[Material for this task — start]

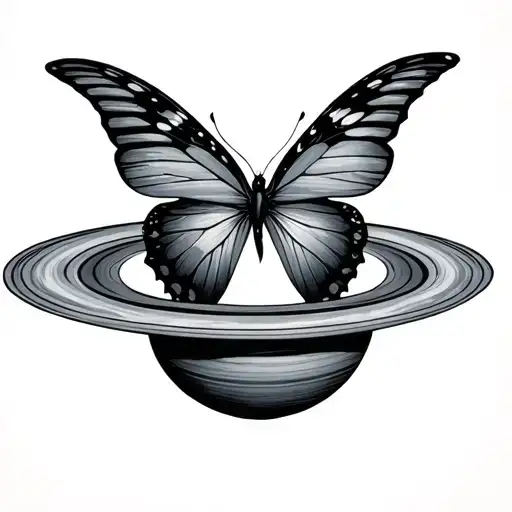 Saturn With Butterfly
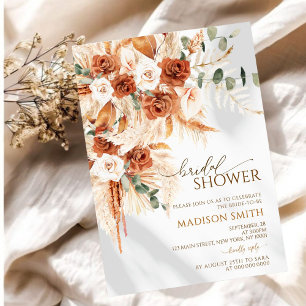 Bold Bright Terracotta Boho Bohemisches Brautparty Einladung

[Material for this task — finish]
[Material for this task — start]

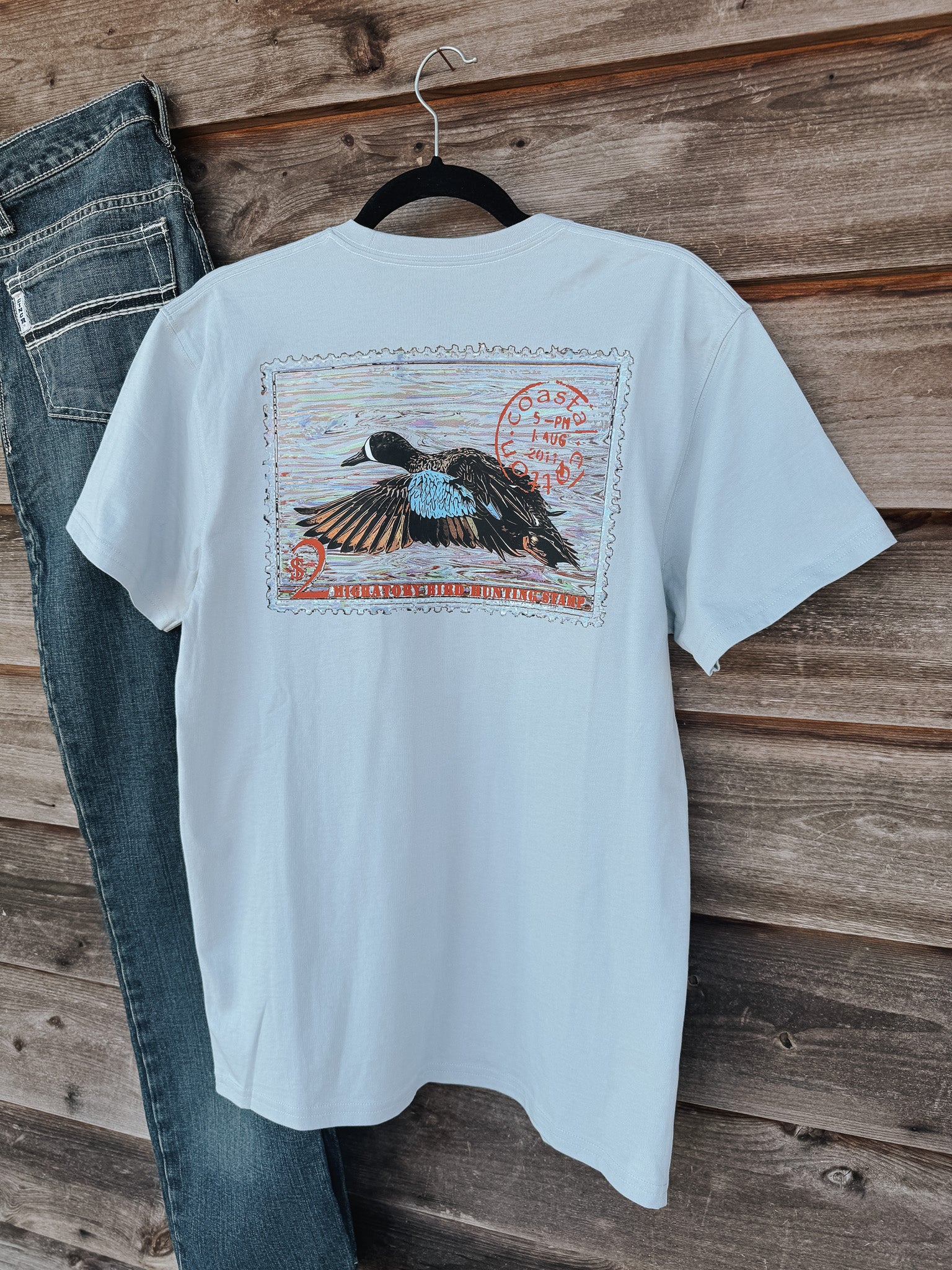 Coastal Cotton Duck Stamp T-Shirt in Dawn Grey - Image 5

[Material for this task — finish]
[Material for this task — start]

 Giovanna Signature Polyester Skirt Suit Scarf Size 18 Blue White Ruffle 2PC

[Material for this task — finish]

### Your task
Return the stretch of data that begins with the line showing "Saturn With Butterfly" and goes on through the line showing "Bold Bright Terracotta", exactly, with pictures removed.

### Answer box
 Saturn With Butterfly
 Bold Bright Terracotta Boho Bohemisches Brautparty Einladung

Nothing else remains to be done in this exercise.